= Surya Sadashiva Temple =

Temple in India

Surya Sadashiva Temple is located in Nada village of Dakshina Kannada Karnataka round about 12 km from Belthangady taluk center and 4 km from Ujire town.

The Surya temple is probably only one of its kind because of its unique tradition of clay offerings which symbolizes man's Earthly desires. The devotees along with their clay offerings have to go to the temple preferably on Mondays along with a coconut and a kg of rice. After a thorough examination of the idol the priest accepts the offerings on behalf of God. All the offerings are placed in a circular shaped pile near the temple which consists clay models of Children, cradles, limbs, houses, automobiles, coconuts, cattle, bullock carts, snakes, tortoise, eyes, ears etc...

==History==
According to Mr.Laurie Honko, world-famous folklore expert from Finland the present age of the temple can be roughly guessed as about 1200 years with the help of his analysis and also with the guidance of folk literature.

==Popularity==
This small temple located in a remote village of Dakshina Kannada District was little known, until a special news report aired by a local news channel highlighted the religious importance and sanctity of this place. Whereas many devotional places have expensive offerings being specified by the temples and the priests, you can impress this god by just offering a structure made of clay, in return to fulfilling your wishes. The clay structures to be offered once your wishes are fulfilled and what other than the actual clay offerings made by devotees lying in the temple, can give you the evidence of sanctity of this deity. You can make a wish either by visiting the temple or sitting at your home. Once your wishes are fulfilled, all you need to offer is a small idol or doll made of clay that replicates or represents what you wished for. For instance, if you wish for a child, you can offer the replica of a cradle or the small doll that represents the child.

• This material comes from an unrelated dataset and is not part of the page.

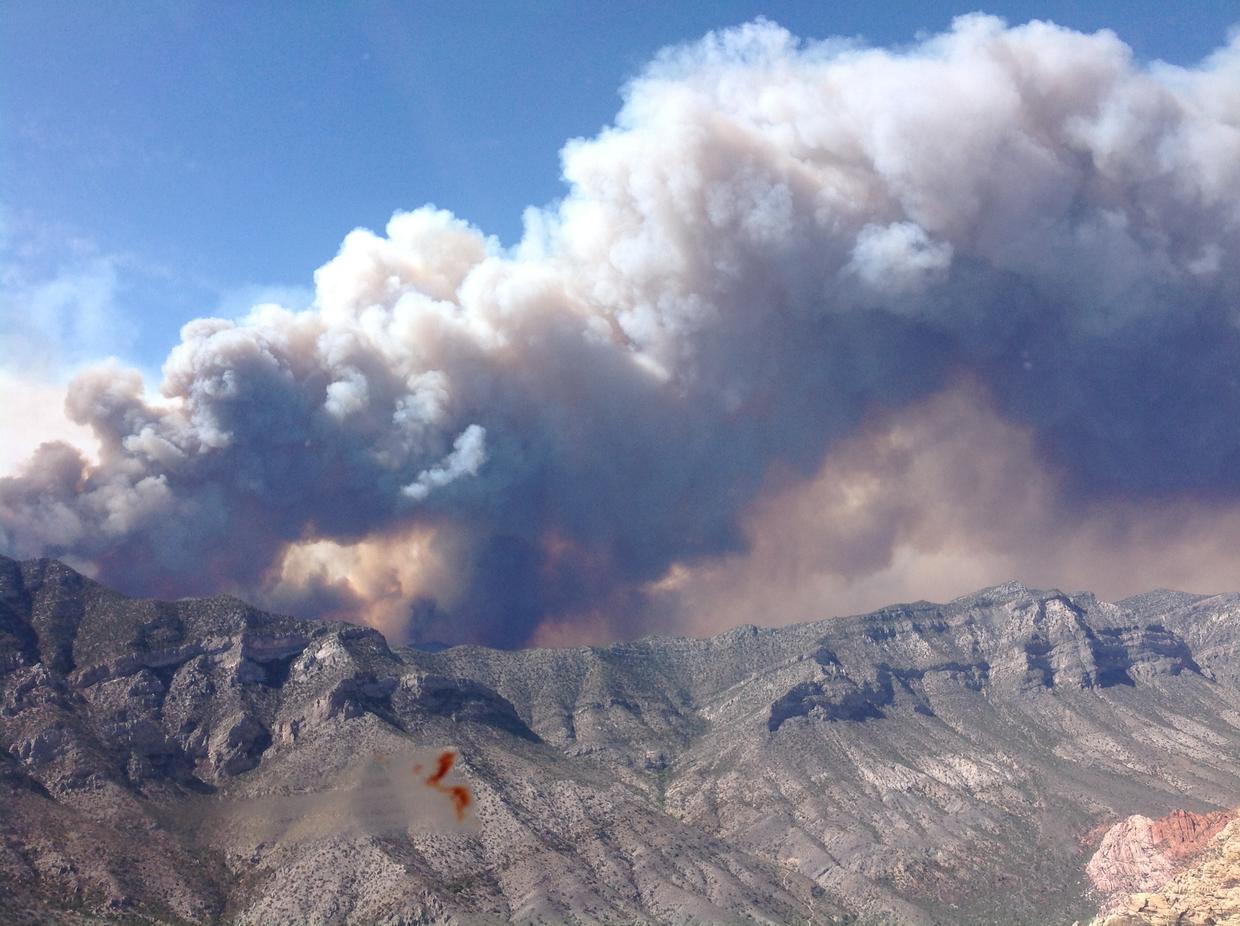 Wildfire burns near Las Vegas - CBS News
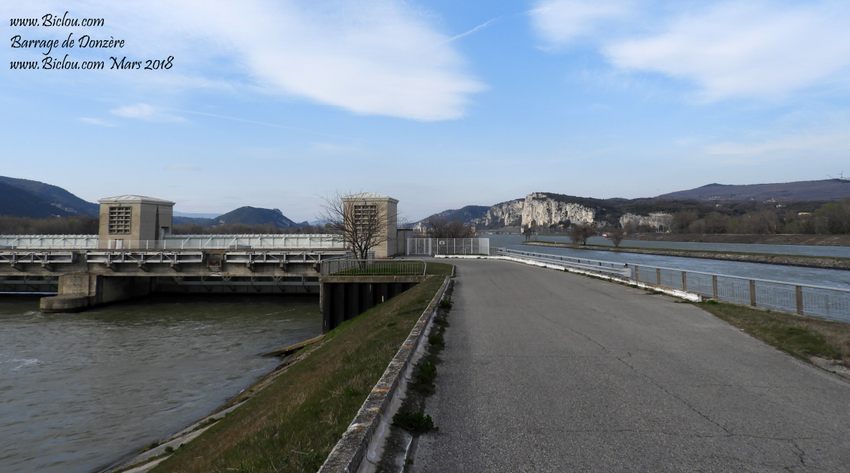 ViaRhôna : Barrage de Donzère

One can find thousands of tiny clay idols and structures being offered to god lying near a small place near the temple, which is believed to be the original place where lord Sadashiva Rudra appeared and blessed his devotees.

There are replicas of multistory buildings, cows and calves, cradle, couple, cars, currency notes, even computers and gadgets lying, which are offered by devotees, whose wishes are fulfilled.